» YOUR OBJECTIVE
Print, exactly as they appear in the listing below, the lines from the line with "RENAULT CLIO 2018 vf15r0j0a60182020" to the line with "۸۲متر دوخوابه فول بازسازی شهرک شهید باقری", with both end lines kept.

» RECORDS FOR THE TASK

══════════════════════════════

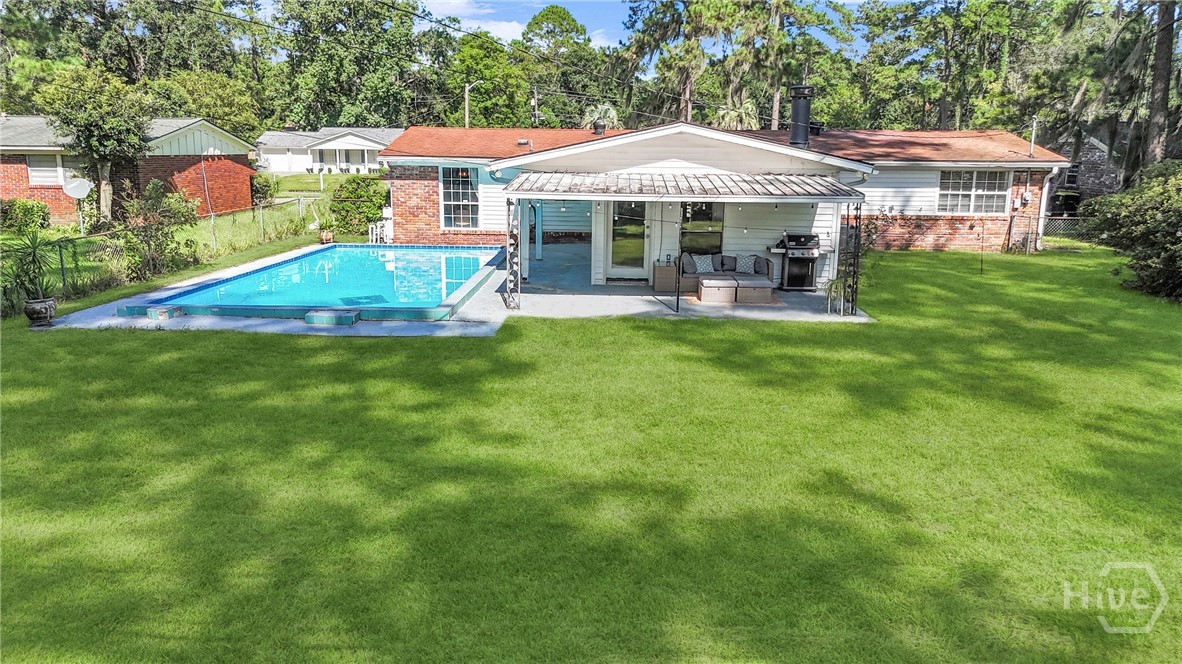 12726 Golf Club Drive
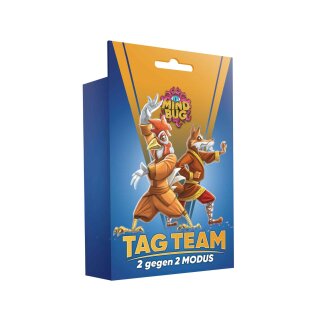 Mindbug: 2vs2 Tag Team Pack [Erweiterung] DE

══════════════════════════════

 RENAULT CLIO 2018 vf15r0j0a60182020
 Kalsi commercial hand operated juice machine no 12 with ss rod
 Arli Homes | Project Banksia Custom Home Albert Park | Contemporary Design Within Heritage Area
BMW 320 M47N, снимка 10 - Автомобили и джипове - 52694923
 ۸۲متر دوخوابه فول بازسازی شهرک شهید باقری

══════════════════════════════

» RESULT OF THIS EXERCISE
 RENAULT CLIO 2018 vf15r0j0a60182020
 Kalsi commercial hand operated juice machine no 12 with ss rod
 Arli Homes | Project Banksia Custom Home Albert Park | Contemporary Design Within Heritage Area
BMW 320 M47N, снимка 10 - Автомобили и джипове - 52694923
 ۸۲متر دوخوابه فول بازسازی شهرک شهید باقری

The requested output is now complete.